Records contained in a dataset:
::::::::

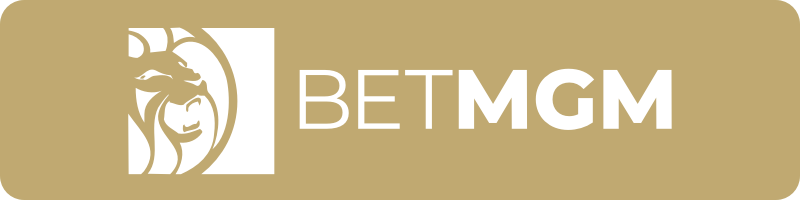 BetMGM NY logo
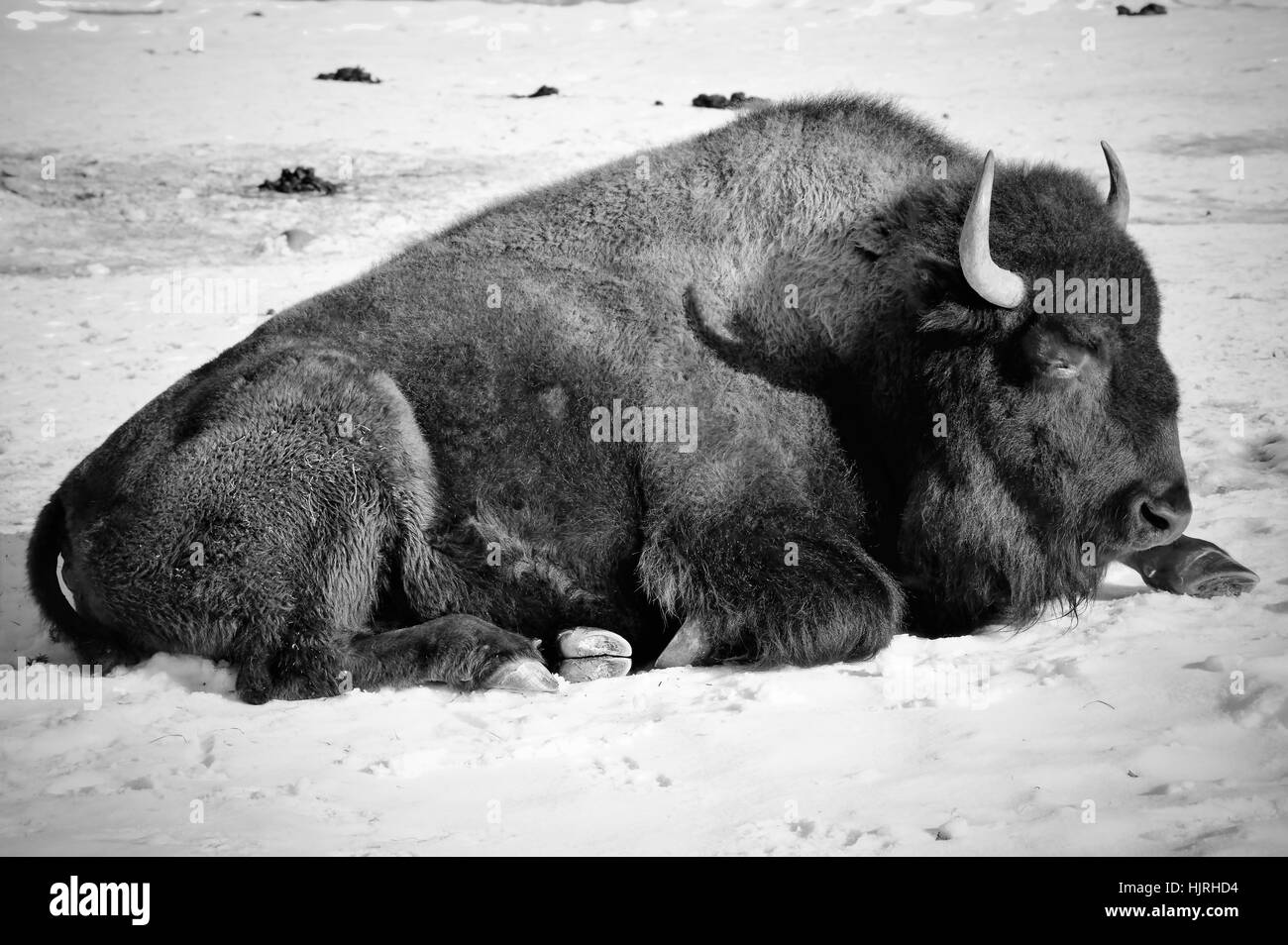 Bison in the Snow Stock Photo - Alamy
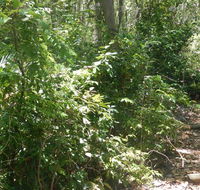 Bridle trail - Kempsey Accommodation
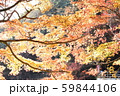 もみじ 59844106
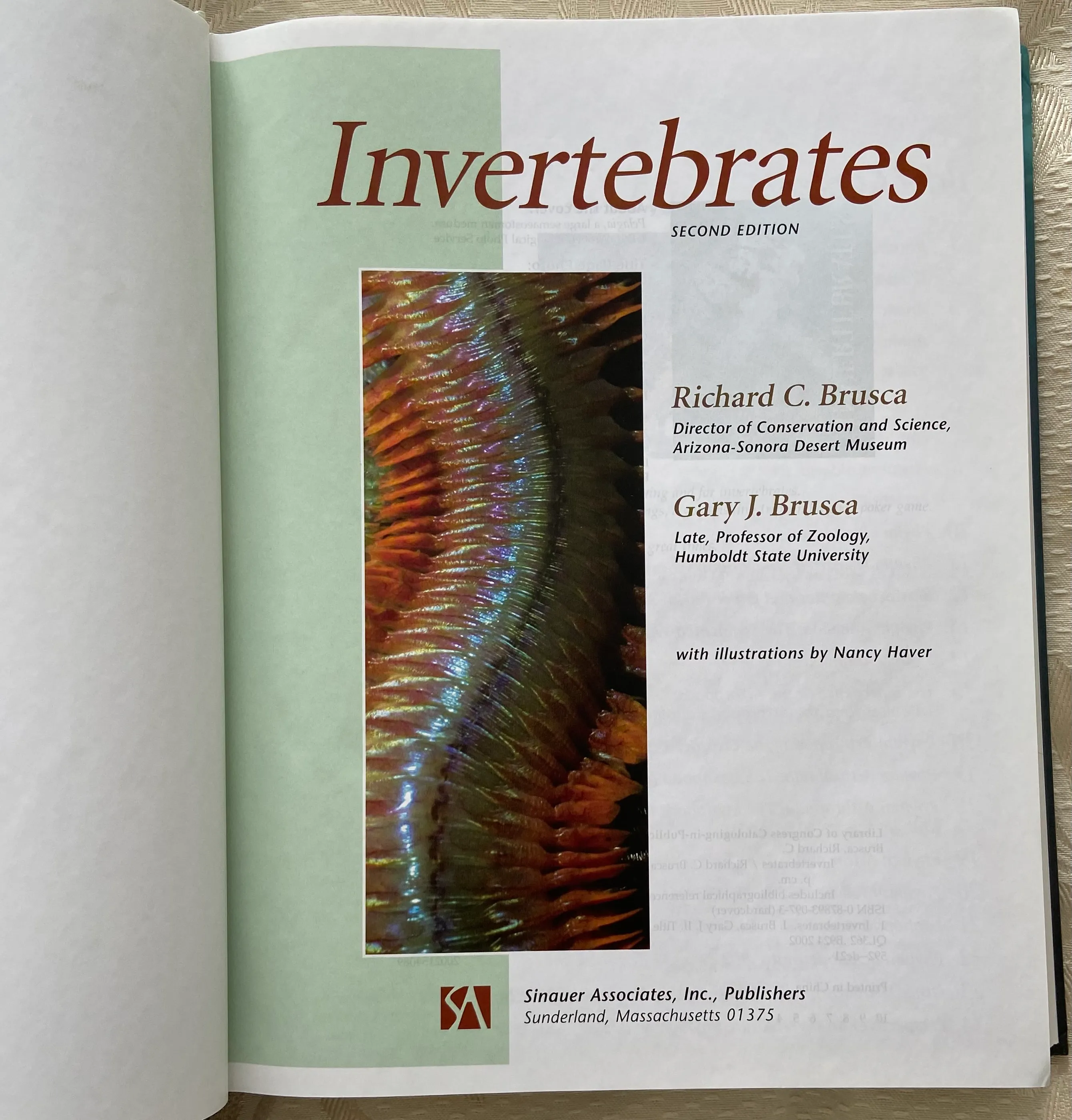 Invertebrates  Second Edition - Image 2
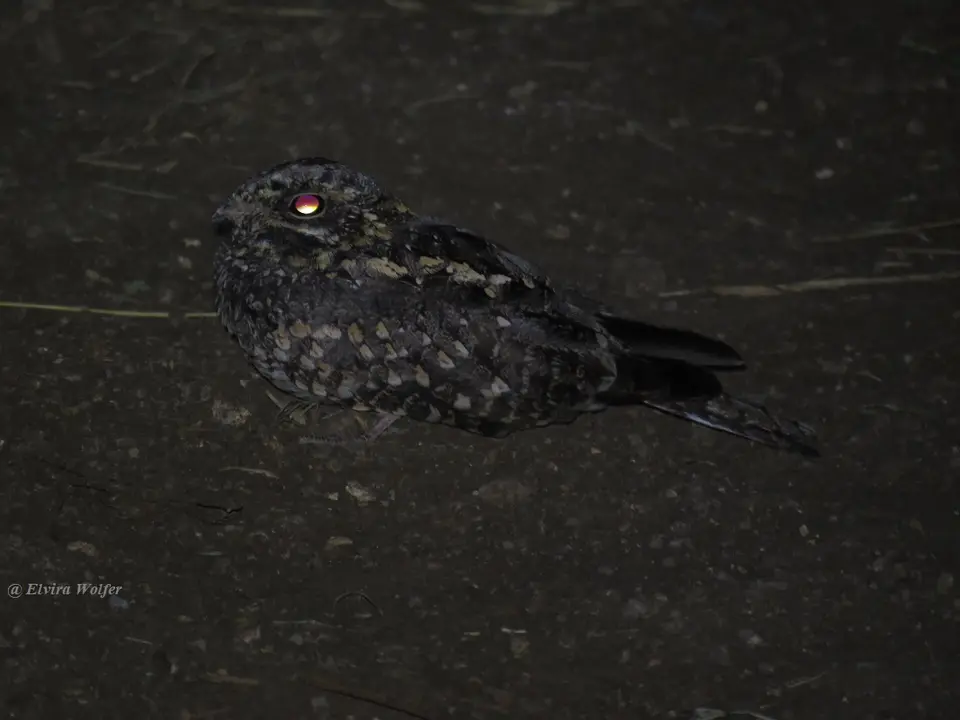 DuskyNightjar.jpg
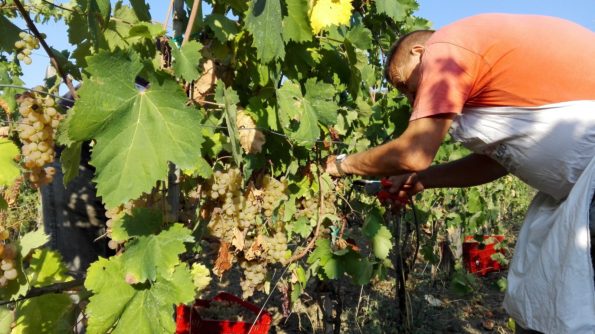Vendemmia - La Maestà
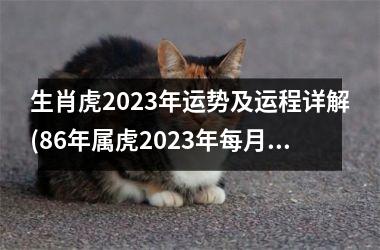 <h3>生肖虎2023年运势及运程详解(86年属虎2023年每月运势详解)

::::::::

• [WHAT TO DO] From the line containing "Bison in the Snow Stock Photo - Alamy" through the final line of the records, write out each line exactly, and include no pictures.

• [REPLY]
 Bison in the Snow Stock Photo - Alamy
 Bridle trail - Kempsey Accommodation
 もみじ 59844106
 Invertebrates  Second Edition - Image 2
 DuskyNightjar.jpg
Vendemmia - La Maestà
 <h3>生肖虎2023年运势及运程详解(86年属虎2023年每月运势详解)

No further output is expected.